Deploying a stateful application on a clusters with multiple nodes without TAP enabled can result in suboptimal placement for high availability. Not enabling TAP can cause following problems:

  • unschedulable pods due to resource, affinity, and taint issues when a full failure domain experiences a failure
  • volume replicas placed within the same zone as a primary volume

tap

Enabling Topology-Aware Placement

Topology-Aware Placement can be enabled by applying the label storageos.com/topology-aware=true to a PVC or as a parameter of its StorageClass.

Topology Domains

A topology domain is a set of nodes. The domain is identified by a label, which can be defined by the user. The default label that Ondat uses to segment nodes in failure domains is topology.kubernetes.io/zone. However, you can define your own topology key by setting the key string in the label storageos.com/topology-key.

To enable TAP on your volumes, follow the TAP operations page.

Behaviour

The Topology-Aware Placement attempts to distribute sensitive data across different failure domains. Hence, a primary volume and its replicas are scattered across failure domains. That is implemented following a best effort algorithm. In case that the TAP rules can’t be fulfilled the placement algorithm will attempt a best approach placement (even if new replicas are in the same failure domain). The best effort placement allows the system to place replicas on the same failure domains when a full domain has failed catastrophically. Hence, the system self heals as fast as possible without waiting for the nodes on the failed domain to recover.

It is the user’s responsibility to rebalance the data when the failed domain has recovered its availability. That can be achieved by recreating the replicas of a volume. Future versions of Ondat will facilitate the procedure by allowing a volume drain.

Failure Modes

Failure modes are a complimentary feature of the Topology-Aware Placement functionality. Failure modes allow you to define how many replicas of a volume can become unavailable before the volume is marked as read-only. For more information , see the failure mode concepts page.

For example, assuming that your cluster has three topology zones, A, B and C, and your deployment has a master and two replicas, Ondat will attempt to place one volume in each topology zone.

If zone A fails, I/O to your volume will stop completely if the Failure Mode is hard. If the Failure Mode is soft, I/O will continue while volume failover is in progress, and a new replica will be placed in an operational zone. Note that if zone A recovers, the cluster will not automatically rebalance.
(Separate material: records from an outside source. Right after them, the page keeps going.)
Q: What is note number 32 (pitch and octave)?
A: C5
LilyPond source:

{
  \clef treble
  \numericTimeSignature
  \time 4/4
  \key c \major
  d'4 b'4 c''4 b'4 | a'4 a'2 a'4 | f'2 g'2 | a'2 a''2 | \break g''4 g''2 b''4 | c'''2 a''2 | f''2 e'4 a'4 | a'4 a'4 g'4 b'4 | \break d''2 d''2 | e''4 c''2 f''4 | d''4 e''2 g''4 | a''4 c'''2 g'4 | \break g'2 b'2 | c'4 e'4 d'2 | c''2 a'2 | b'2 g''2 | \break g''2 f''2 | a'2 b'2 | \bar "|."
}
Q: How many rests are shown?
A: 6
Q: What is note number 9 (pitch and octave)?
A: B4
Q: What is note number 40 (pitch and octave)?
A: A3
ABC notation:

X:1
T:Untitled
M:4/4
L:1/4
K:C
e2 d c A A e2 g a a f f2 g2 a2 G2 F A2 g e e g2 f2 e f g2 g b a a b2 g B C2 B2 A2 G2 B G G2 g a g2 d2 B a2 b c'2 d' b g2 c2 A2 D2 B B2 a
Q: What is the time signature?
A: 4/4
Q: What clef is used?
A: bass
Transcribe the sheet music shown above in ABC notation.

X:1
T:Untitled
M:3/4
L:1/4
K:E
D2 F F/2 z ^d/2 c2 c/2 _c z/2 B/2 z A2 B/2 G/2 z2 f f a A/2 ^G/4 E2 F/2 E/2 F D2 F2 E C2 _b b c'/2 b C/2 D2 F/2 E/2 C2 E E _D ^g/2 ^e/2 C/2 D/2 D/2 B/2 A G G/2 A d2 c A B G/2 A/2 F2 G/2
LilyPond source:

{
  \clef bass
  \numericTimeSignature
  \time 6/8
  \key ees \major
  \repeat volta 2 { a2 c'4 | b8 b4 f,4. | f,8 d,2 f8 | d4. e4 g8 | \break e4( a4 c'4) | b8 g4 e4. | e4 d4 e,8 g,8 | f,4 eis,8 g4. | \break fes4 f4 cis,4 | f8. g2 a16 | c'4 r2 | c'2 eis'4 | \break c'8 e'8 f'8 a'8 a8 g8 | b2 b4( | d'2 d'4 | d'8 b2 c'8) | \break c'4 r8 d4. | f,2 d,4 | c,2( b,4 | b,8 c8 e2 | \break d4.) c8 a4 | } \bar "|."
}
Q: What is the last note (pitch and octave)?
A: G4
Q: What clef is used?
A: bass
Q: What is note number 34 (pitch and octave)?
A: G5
The soft failure mode will not tolerate the failure of multiple replicas at once, and will suspend I/O in this case. If you wish to tolerate more than one failed replica, then you can set this as an integer using the <integer>label.

If individual nodes within a topology zone fail, the replicas will fail over to other nodes within that zone. Once nodes in the zone are exhausted, placement will revert to best-effort.